Michael Wasielewski, a Northwestern University professor and director of the Argonne Northwestern Solar Energy Research Center, spoke to a group of potential donors about the value of an international science facility in Telluride in early August. He explained that for teams of scientists to work together to solve a societal problem, such as developing sustainable energy resources, they need a place to convene; they need face time.
“SOFI is a great example of the type of institutes we can attract,” Naisbitt said. “Telluride is a walking town, its energy is open, creative and positive. Part of the scientists' schedule is group hikes, [on which] they do nothing but talk about science. They immerse themselves in a particular problem for a week, they are with all these people from different international universities, and they want to solve it.”
“And we spoil the hell out of them,” she added.
At Tuesday’s council meeting, architect Eric Cummings joined Naisbitt to explain the building plan, designed for the post-office lot, which includes thirty or so classrooms, a small auditorium to gather, a place to feed and coffee the scientists, living spaces for scientists in residence and employees, a visitors center, and permanent headquarters for TSRC’s sister organization, The Pinhead Institute, which Naisbitt founded.
“An important part of the program is flexibility,” Cummings said about the facility design. “Science changes and technology changes constantly. The design is meant to meet these changes. It needs to be flexible in its sizes of classrooms, offices, etc.”
Cummings and Naisbitt added that the facility would be open to other organizations when it wasn’t being used by the scientists.
The Telluride Film Festival “found us when they even heard this breathed,” Naisbitt told council. She added that Cummings had already spent time with TFF staffers discussing screen sizes and accommodating film lectures.
As Naisbitt finished her presentation, Councilmember Ann Brady asked, “What do you need?”
“Town Council could be incredibly helpful in giving us your support,” Naisibitt answered.
Choking up, she added, “This project is not about what TSRC brings to Telluride, or what concessions the town can make, but what we can build as a community. There are so many benefits to everybody.”

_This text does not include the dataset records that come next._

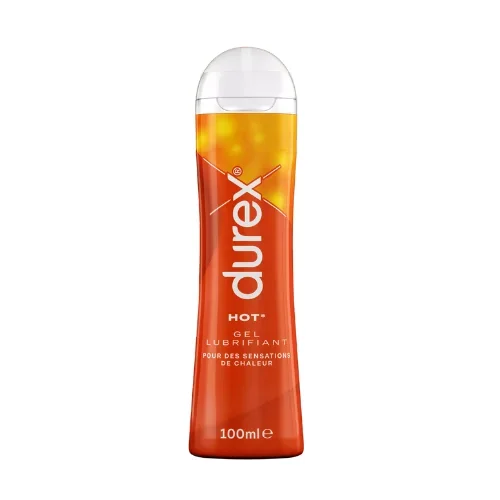 [11055] Gel lubrifiant Hot 100ml Durex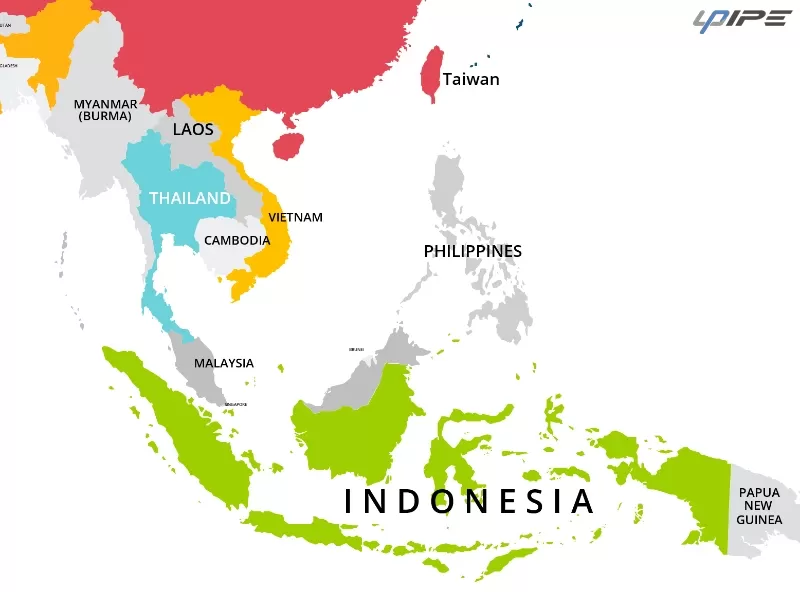 Asia Tenggara Menerima Paip Udara Mampat Aluminium UPIPE dalam Naik Taraf Perindustrian Asia Tenggara Menerima Paip Udara Mampat Aluminium UPIPE dalam Naik Taraf Perindustrian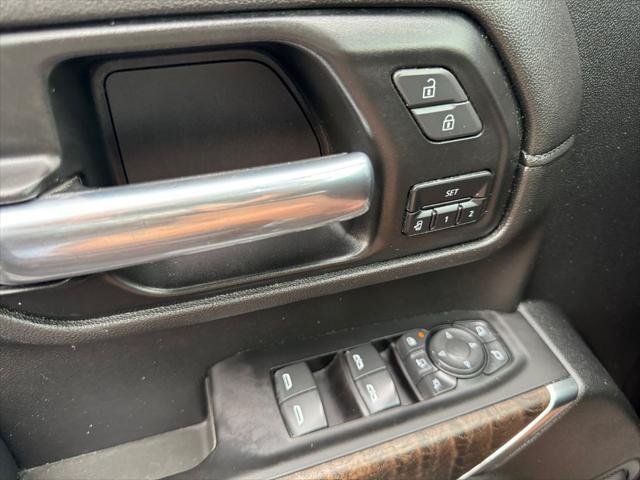 used 2021 GMC Sierra 2500 car, priced at $50,488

Members of council gave Naisbitt their verbal support, with Mayor Stu Fraser stating, “It won’t be easy, but you have the support of this entire council. That means a resolution, then when it comes down to dotting the “i’s” we are willing to work with you folks on this – it’s important to this community.”
Naisbitt explained that TSRC’s next step is fundraising and that, although she has some potentially large donors, she wants to simultaneously initiate a grassroots effort where everyone in town could give something, “even as little as $5.”
“It’s going to take a community to make this happen,” Naisbitt said. “We want everyone in town who believes in this to donate. I would like to show any major donor that we have the town’s support.”
With that, Councilmember David Oyster, walked over and gave her the first $5.